> [YOUR INSTRUCTIONS]: Every line below should be set down exactly as it appears.

PROVIDED INFORMATION Block Start

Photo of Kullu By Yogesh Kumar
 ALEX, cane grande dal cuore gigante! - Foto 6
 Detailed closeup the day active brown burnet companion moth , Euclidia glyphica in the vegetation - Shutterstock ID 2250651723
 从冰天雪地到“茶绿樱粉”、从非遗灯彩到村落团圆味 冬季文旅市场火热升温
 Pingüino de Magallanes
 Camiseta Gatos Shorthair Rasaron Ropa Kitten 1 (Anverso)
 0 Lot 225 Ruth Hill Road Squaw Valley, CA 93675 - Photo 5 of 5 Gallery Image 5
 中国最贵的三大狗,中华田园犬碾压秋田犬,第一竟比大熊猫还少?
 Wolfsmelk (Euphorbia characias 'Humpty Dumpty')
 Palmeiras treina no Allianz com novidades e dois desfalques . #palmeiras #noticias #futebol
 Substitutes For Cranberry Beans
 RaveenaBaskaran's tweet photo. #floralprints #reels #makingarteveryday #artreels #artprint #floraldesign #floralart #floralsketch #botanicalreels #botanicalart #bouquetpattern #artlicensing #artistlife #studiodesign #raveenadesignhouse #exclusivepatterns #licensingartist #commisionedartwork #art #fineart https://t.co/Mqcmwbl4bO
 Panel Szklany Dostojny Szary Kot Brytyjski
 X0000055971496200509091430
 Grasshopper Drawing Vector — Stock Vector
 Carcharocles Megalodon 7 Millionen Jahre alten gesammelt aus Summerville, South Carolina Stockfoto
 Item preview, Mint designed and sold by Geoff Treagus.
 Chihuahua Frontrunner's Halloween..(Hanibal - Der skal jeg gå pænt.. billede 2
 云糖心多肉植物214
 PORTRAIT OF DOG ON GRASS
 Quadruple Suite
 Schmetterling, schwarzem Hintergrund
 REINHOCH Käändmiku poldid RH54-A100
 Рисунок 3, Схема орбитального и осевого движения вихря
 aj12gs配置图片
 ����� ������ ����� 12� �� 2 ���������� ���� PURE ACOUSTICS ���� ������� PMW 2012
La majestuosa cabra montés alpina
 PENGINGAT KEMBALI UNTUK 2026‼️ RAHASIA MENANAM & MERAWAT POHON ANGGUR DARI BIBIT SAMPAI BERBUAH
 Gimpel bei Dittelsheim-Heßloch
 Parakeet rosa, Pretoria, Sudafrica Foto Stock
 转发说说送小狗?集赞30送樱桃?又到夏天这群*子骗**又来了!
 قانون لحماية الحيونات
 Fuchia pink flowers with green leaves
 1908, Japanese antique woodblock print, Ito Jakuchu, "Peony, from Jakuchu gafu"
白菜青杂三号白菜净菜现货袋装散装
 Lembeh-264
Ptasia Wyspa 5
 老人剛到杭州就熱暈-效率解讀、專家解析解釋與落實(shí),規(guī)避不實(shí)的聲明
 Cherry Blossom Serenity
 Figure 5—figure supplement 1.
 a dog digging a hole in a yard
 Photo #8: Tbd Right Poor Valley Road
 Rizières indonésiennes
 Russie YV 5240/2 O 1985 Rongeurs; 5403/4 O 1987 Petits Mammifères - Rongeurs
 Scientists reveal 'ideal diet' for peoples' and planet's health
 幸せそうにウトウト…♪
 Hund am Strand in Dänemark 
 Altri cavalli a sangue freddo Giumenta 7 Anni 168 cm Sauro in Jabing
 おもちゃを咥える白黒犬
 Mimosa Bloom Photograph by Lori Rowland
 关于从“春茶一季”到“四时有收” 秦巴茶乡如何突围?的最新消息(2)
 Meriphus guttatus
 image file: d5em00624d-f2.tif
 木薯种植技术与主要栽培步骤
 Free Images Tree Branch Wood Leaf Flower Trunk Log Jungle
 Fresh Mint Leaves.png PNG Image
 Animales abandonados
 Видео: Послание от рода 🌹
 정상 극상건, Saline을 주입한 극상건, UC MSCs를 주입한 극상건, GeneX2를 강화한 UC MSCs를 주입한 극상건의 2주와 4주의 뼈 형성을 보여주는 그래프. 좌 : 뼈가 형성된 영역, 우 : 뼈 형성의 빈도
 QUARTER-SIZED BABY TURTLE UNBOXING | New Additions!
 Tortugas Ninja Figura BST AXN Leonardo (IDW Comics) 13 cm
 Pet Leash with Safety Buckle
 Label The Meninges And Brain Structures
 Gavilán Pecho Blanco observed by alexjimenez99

PROVIDED INFORMATION Block End

> [OUTPUT OF THE EXERCISE]:
Photo of Kullu By Yogesh Kumar
 ALEX, cane grande dal cuore gigante! - Foto 6
 Detailed closeup the day active brown burnet companion moth , Euclidia glyphica in the vegetation - Shutterstock ID 2250651723
 从冰天雪地到“茶绿樱粉”、从非遗灯彩到村落团圆味 冬季文旅市场火热升温
 Pingüino de Magallanes
 Camiseta Gatos Shorthair Rasaron Ropa Kitten 1 (Anverso)
 0 Lot 225 Ruth Hill Road Squaw Valley, CA 93675 - Photo 5 of 5 Gallery Image 5
 中国最贵的三大狗,中华田园犬碾压秋田犬,第一竟比大熊猫还少?
 Wolfsmelk (Euphorbia characias 'Humpty Dumpty')
 Palmeiras treina no Allianz com novidades e dois desfalques . #palmeiras #noticias #futebol
 Substitutes For Cranberry Beans
 RaveenaBaskaran's tweet photo. #floralprints #reels #makingarteveryday #artreels #artprint #floraldesign #floralart #floralsketch #botanicalreels #botanicalart #bouquetpattern #artlicensing #artistlife #studiodesign #raveenadesignhouse #exclusivepatterns #licensingartist #commisionedartwork #art #fineart https://t.co/Mqcmwbl4bO
 Panel Szklany Dostojny Szary Kot Brytyjski
 X0000055971496200509091430
 Grasshopper Drawing Vector — Stock Vector
 Carcharocles Megalodon 7 Millionen Jahre alten gesammelt aus Summerville, South Carolina Stockfoto
 Item preview, Mint designed and sold by Geoff Treagus.
 Chihuahua Frontrunner's Halloween..(Hanibal - Der skal jeg gå pænt.. billede 2
 云糖心多肉植物214
 PORTRAIT OF DOG ON GRASS
 Quadruple Suite
 Schmetterling, schwarzem Hintergrund
 REINHOCH Käändmiku poldid RH54-A100
 Рисунок 3, Схема орбитального и осевого движения вихря
 aj12gs配置图片
 ����� ������ ����� 12� �� 2 ���������� ���� PURE ACOUSTICS ���� ������� PMW 2012
La majestuosa cabra montés alpina
 PENGINGAT KEMBALI UNTUK 2026‼️ RAHASIA MENANAM & MERAWAT POHON ANGGUR DARI BIBIT SAMPAI BERBUAH
 Gimpel bei Dittelsheim-Heßloch
 Parakeet rosa, Pretoria, Sudafrica Foto Stock
 转发说说送小狗?集赞30送樱桃?又到夏天这群*子骗**又来了!
 قانون لحماية الحيونات
 Fuchia pink flowers with green leaves
 1908, Japanese antique woodblock print, Ito Jakuchu, "Peony, from Jakuchu gafu"
白菜青杂三号白菜净菜现货袋装散装
 Lembeh-264
Ptasia Wyspa 5
 老人剛到杭州就熱暈-效率解讀、專家解析解釋與落實(shí),規(guī)避不實(shí)的聲明
 Cherry Blossom Serenity
 Figure 5—figure supplement 1.
 a dog digging a hole in a yard
 Photo #8: Tbd Right Poor Valley Road
 Rizières indonésiennes
 Russie YV 5240/2 O 1985 Rongeurs; 5403/4 O 1987 Petits Mammifères - Rongeurs
 Scientists reveal 'ideal diet' for peoples' and planet's health
 幸せそうにウトウト…♪
 Hund am Strand in Dänemark 
 Altri cavalli a sangue freddo Giumenta 7 Anni 168 cm Sauro in Jabing
 おもちゃを咥える白黒犬
 Mimosa Bloom Photograph by Lori Rowland
 关于从“春茶一季”到“四时有收” 秦巴茶乡如何突围?的最新消息(2)
 Meriphus guttatus
 image file: d5em00624d-f2.tif
 木薯种植技术与主要栽培步骤
 Free Images Tree Branch Wood Leaf Flower Trunk Log Jungle
 Fresh Mint Leaves.png PNG Image
 Animales abandonados
 Видео: Послание от рода 🌹
 정상 극상건, Saline을 주입한 극상건, UC MSCs를 주입한 극상건, GeneX2를 강화한 UC MSCs를 주입한 극상건의 2주와 4주의 뼈 형성을 보여주는 그래프. 좌 : 뼈가 형성된 영역, 우 : 뼈 형성의 빈도
 QUARTER-SIZED BABY TURTLE UNBOXING | New Additions!
 Tortugas Ninja Figura BST AXN Leonardo (IDW Comics) 13 cm
 Pet Leash with Safety Buckle
 Label The Meninges And Brain Structures
 Gavilán Pecho Blanco observed by alexjimenez99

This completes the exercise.